United World International author Yunus Soner provided an interview to Russia Today commeting on the elections in Türkiye. Below we present the transcript of the interview.
Thanks for joining us today again. 5% difference between the two main candidates. Were you surprised by the results?
Yes, I fully agree with your correspondent here in Istanbul. The result that Mr. Sinan Oğan has achieved was a full surprise for me as well. Definitely.
Why was this a surprise?
Usually, in these elections, towards the end, the candidates except the main two opponents, tend to loose votes and to disappear. And Sinan Oğan is a candidate of a newly founded political party, which bears personal experience, but is new institutionally. So, it was questionable whether he had the organizational and institutional support.
On that background, I was expecting that he would achieve 1 or 2% of the votes. But he got much more votes.
Kılıçdaroğlu might have leaned too much towards the PKK to get votes of Oğan
Do you think he has a chance to become a king-maker on the 28th of May, in the second round? And if so, which candidate would Mr. Sinan Oğan support?

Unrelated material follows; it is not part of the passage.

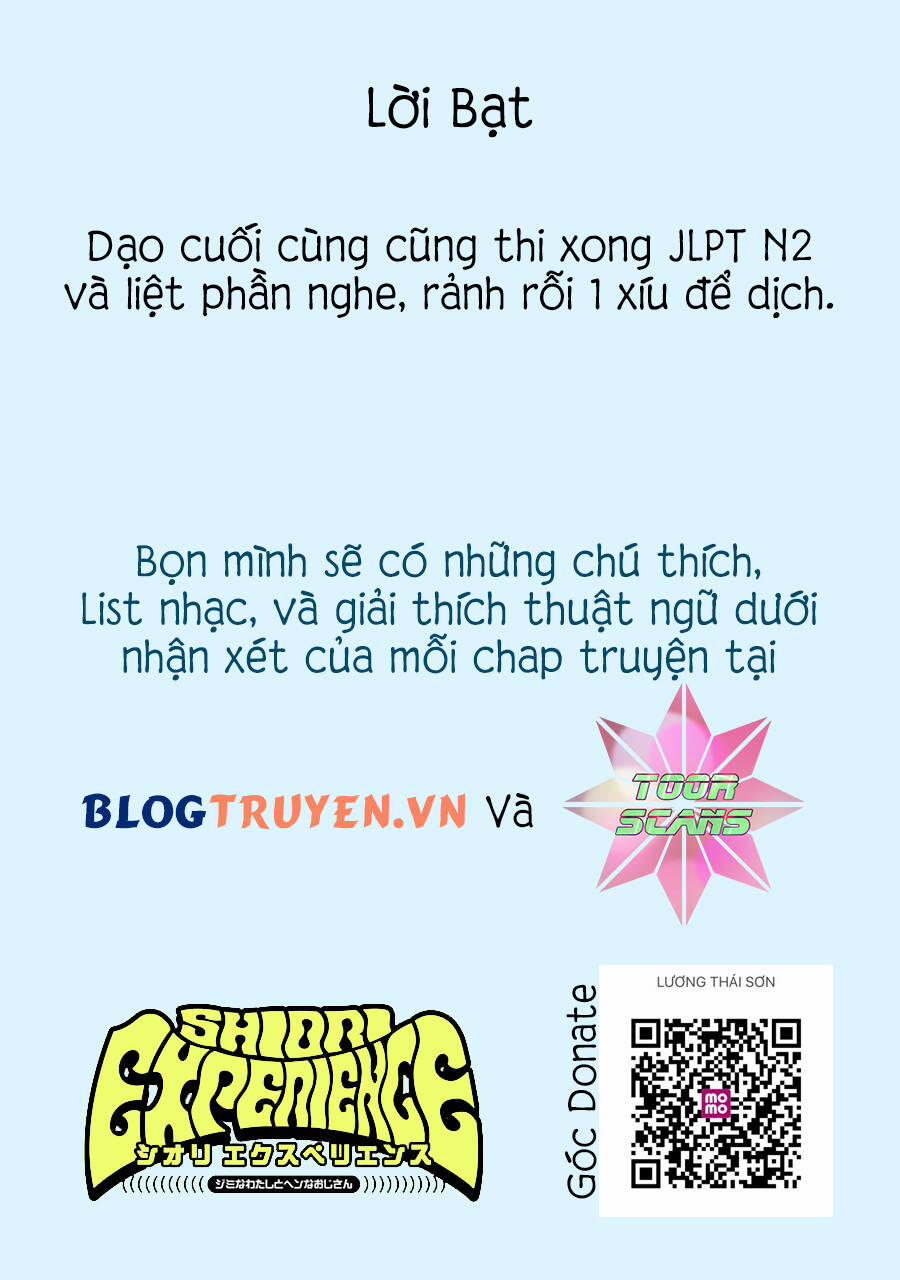 Shiori Experience - Jimi Na Watashi To Hen Na Oji-San 88 trang 43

No, I think that the second round is actually decided. Why? Because there is a very clear result in the parliament. We have the presidential system here, but the parliament can block executive orders of the President very effectively. And the parliament has been won by the governing alliance, with an unexpected margin in fact. So I expect voters to vote for stability, for a government that works in harmony with the parliament, where Mr. Erdoğan’s party has already the majority. And so I expect Mr. Erdoğan to win the second round clearly.
And there is another question: In case Mr. Oğan decides to support the opposition candidate, it is still a question how many of his voters will follow such a decision. The reason is that Mr. Kılıçdaroğlu has made a lot of steps towards the PKK-allied political party here and promised to solve the so-called Kurdish question in the parliament in a peaceful way. That includes introducing some constitutional reforms. There are hopes on the PKK side for regional autonomy. And these are all red lines for the voters’ base of Mr. Oğan.
Therefore, it will be very difficult to convince that base to join that alliance and vote for Mr. Kılıçdaroğlu, should Mr. Oğan choose to do so.
Defeated political program: Normalization with NATO, speculative capital from the West and transformation of state
When we’re talking of alliances: you can imagine that, if, as you have predicted, the incumbent president Mr. Erdoğan would win at the end of the month, that might not go down very well with his Western partners, NATO, the U.S. and the EU. He has been a bit of a thorn in the NATO alliance, blocking Sweden and Finland’s accession, buying Russian air defense systems. How do you think will the West react to these elections?
I think the West has to acknowledge that those political forces in favor of it here in Türkiye have actually failed in the first round already. Mr. Kılıçdaroğlu’s main program was: 1. Normalize relations with NATO, 2. Get speculative capital from the West and 3. Constitutional reforms including regional autonomy as the European Union has been demanding for a long time.
Mr. Erdoğan attacked that program fiercely. That was actually his main point of attack on the opposition: That they were endangering the unity of Türkiye, the unity of the state. And that was the way how Mr. Erdoğan could convince a lot of voters to vote for him, despite a huge inflation, despite economic crisis and other problems. In their majority, the people saw that in these elections, the unity of the nation and state was at the stake.
And that program that the West was betting upon has already lost in the first round and it will also lose in the second round.
If that is the case. If President Erdoğan gets a remit for another 5 years, would he deepen ties with Russia? There are talks about building a gas hub in Türkiye, obviously, Russia has built a first nuclear power plant in Türkiye. And do you think he would take a more active role in the war in Ukraine, by mediating there?
I expect him to take a more active and mediating role in the conflict in Ukraine. I also expect the Americans and the Europeans to exercise pressure on him and his government.
Remember we had a terrible earthquake here which cost us 50 thousand lives and also a huge economic cost and the need for credit. So these economic conditions and dependencies that we have might be a point where the Americans and Europeans condition their economic support on their credit on concessions he has to make in the Ukraine conflict, by for instance joining sanctions or supporting Ukraine in a different way.
There will definitely be a lot of pressure coming on Türkiye after the elections. We are expecting that. But again, this election has proven important in so far as it displayed a 25% block of nationalist voters. This is a stronghold also against this kind of pressure and meddling into domestic politics, and also intervening into Türkiye’s sovereign foreign relations.
So I expect pressure on Mr. Erdoğan, but I think that conditions are not too bad to resist them.